_Data for review_
*-*-*

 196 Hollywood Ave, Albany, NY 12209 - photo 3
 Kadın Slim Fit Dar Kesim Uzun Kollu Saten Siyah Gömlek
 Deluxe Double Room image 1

*-*-*

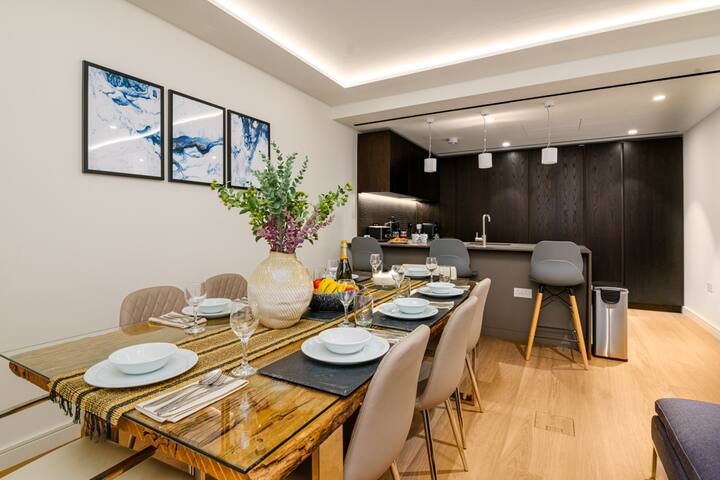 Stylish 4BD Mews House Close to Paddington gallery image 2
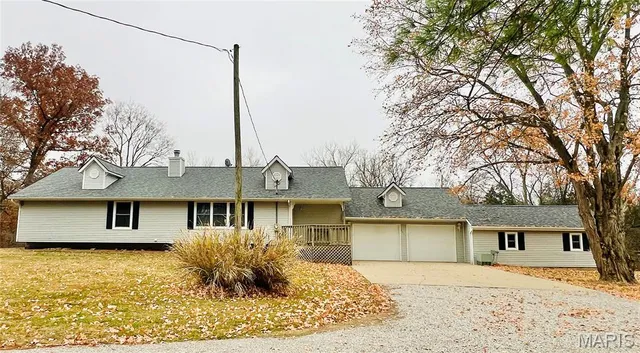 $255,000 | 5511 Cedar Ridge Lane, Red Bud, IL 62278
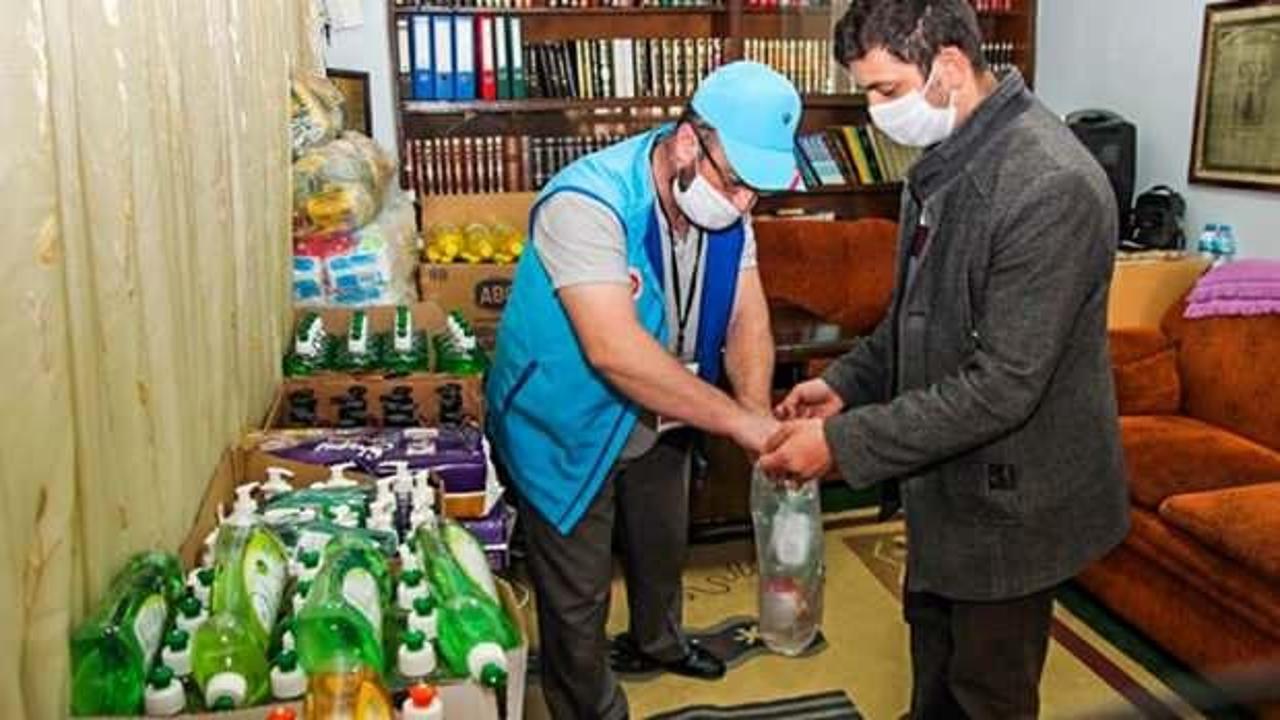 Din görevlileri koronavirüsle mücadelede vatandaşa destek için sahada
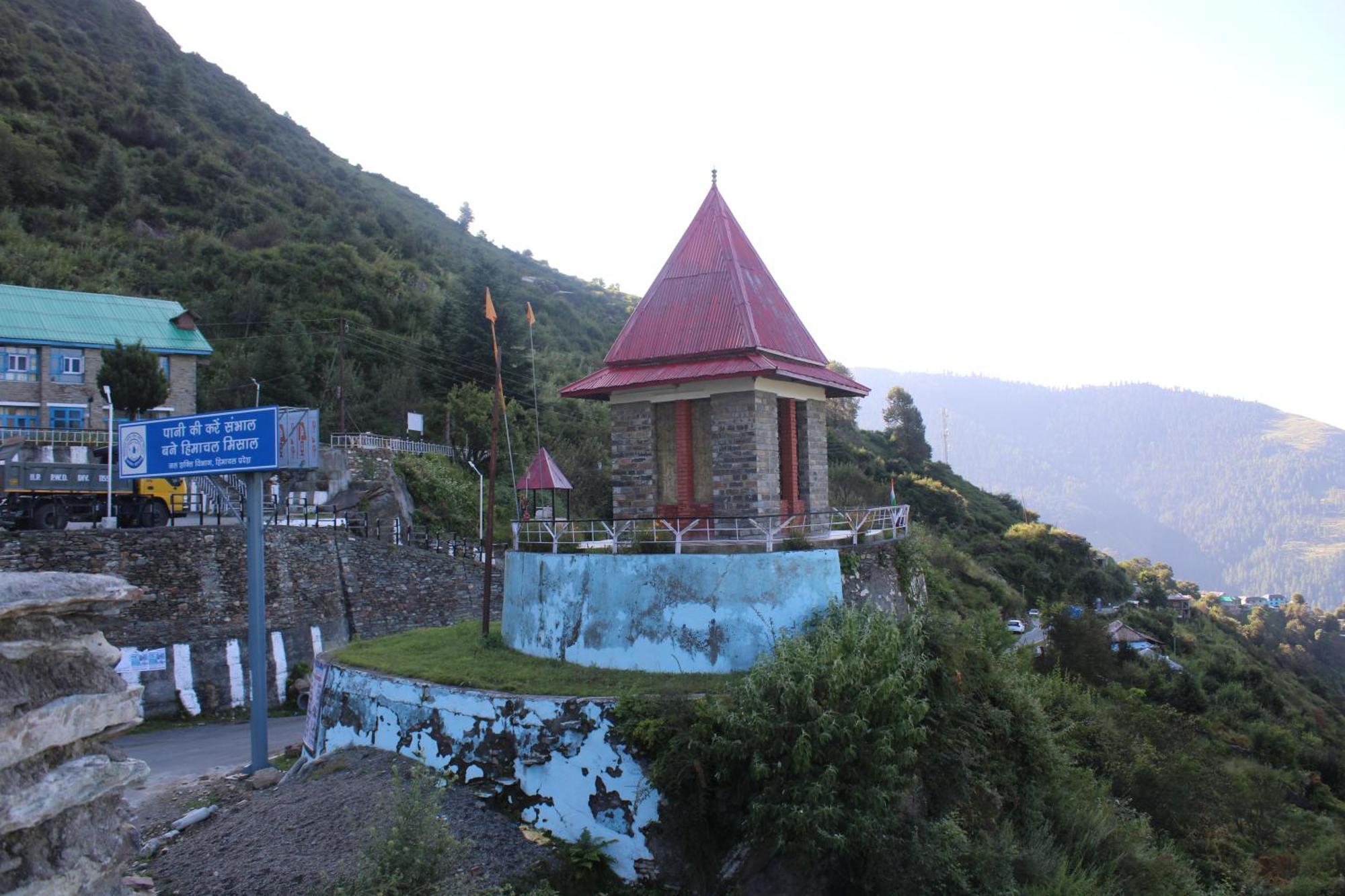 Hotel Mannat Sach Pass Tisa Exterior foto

*-*-*

_Task statement_
Take the lines above starting at the one containing "Din görevlileri koronavirüsle" and ending at the one containing "Hotel Mannat Sach Pass Tisa Exterior foto", and print them again exactly, without pictures.

_Output_
 Din görevlileri koronavirüsle mücadelede vatandaşa destek için sahada
 Hotel Mannat Sach Pass Tisa Exterior foto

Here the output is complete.